Losses piling up from credit union loans for taxi cab medallions that are falling in value may require the federal fund that insures savings in credit unions to increase loss reserves, a member of the board overseeing the fund told an audience Friday.
National Credit Union Administration (NCUA) Board Member Rick Metsger, speaking to the Oregon Department of Financial Services CEO Roundtable in Salem, said lower prices for New York taxi medallions at two recent public auctions, plus a continued increase in “already high” delinquency rates on medallion loans, indicated that reserves for the National Credit Union Share Insurance Fund (NCUSIF) may have to be increased soon.
Metsger pointed to the loan losses as a reason the agency increased the “normal operating level” (NOL) of the insurance fund from 1.3% of total insured shares to 1.39% earlier this year. (The NOL is the level of reserves relative to the savings insured that the agency determines it will need address losses.)
“We have known, and warned about, this risk for some time,” Metsger said, according to a release from the agency. “But the bill is about to come due. Unfortunately, a lot of credit unions that followed supervisory guidance and lent prudently will have to pay for losses incurred by a small number of credit unions that gambled on a market that was disrupted and a bubble that burst.”
In his remarks, Metsger pointed out that the agency issued a “Letter to Credit Unions” in 2010 (LTCU 10-CU-03) warning of concentration risk, and another letter in 2014 (LTCU 14-CU-06) specifically about taxi medallion lending.
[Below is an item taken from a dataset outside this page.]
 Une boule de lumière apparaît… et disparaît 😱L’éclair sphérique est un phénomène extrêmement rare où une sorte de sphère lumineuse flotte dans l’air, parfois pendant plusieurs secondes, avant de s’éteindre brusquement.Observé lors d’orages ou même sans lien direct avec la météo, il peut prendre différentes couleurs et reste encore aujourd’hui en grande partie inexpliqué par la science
The NCUA board member asserted that the agency’s ability to regulate “speculative taxi medallion lending” is limited by a 1998 amendment to the Federal Credit Union Act (via the Credit Union Membership Access Act, H.R. 1151) that specifically exempted certain credit unions from the statutory member business lending cap of 12.25% of assets. The credit unions earning the exemption either were chartered for the purpose of making member business loans, or had a history of primarily making the loans.
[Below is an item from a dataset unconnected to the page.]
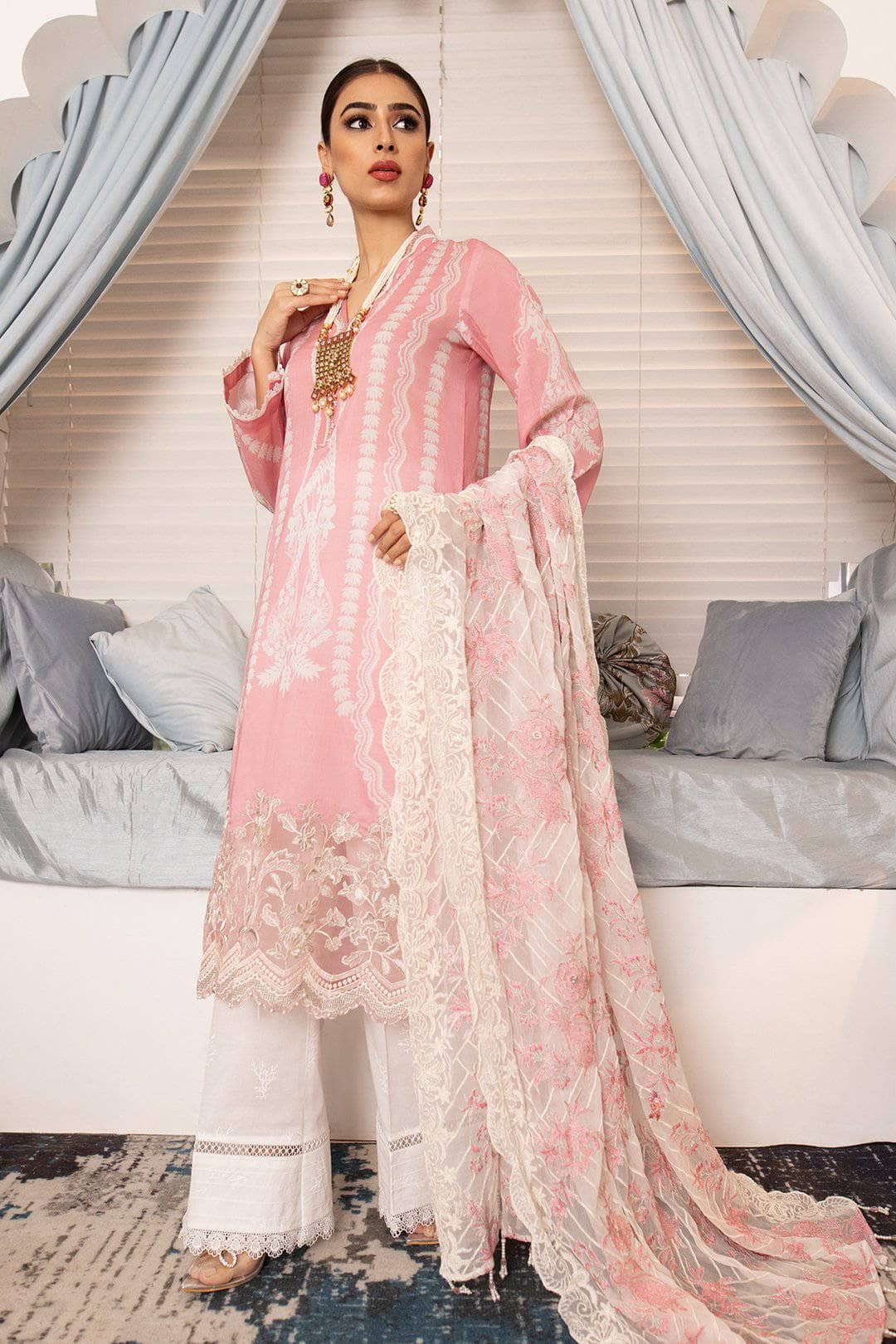 img_nureh_lawn_collection_awwal_boutique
“Most credit unions cannot put more than 12.25% of their assets into member business lending,” Metsger said, “but the taxi medallion credit unions were able to put up 100% of their assets” in the loans. He said that the credit unions, Melrose and LOMTO (both in New York), are operating under NCUA conservatorship; both made taxi medallion loans.
In other comments, Metsger said the taxi medallion losses indicated the need for a “risk-based” capital system. NCUA is scheduled to institute such a system for federally insured credit unions in 2019.
“A major principle of financial regulation is that all risks are not equal, and one size does not fit all,” Metsger said, according to NCUA. “That is why the U.S. and all major industrial nations have risk-based capital standards. We seek to minimize the risk that a few credit unions that want to gamble with other people’s money will lose their bets and pass the costs onto other credit unions and their members.”
Metsger had strong words for credit union trade groups that have argued for the agency to repeal the capital rules – and have also lobbied Congress to rescind the rules via the Congressional Review Act (CRA).
“I am happy to consider changes in our risk-based capital rule that will strengthen the system,” Metsger said. “But, trade groups seeking to repeal the rule completely ignore the fact that the adoption of a risk-based capital rule is both required by federal law and good public policy that protects credit union members. The situation with the taxi medallion credit unions only adds an exclamation point to this fact. It is a prime example of why we need a strong risk-based capital system.”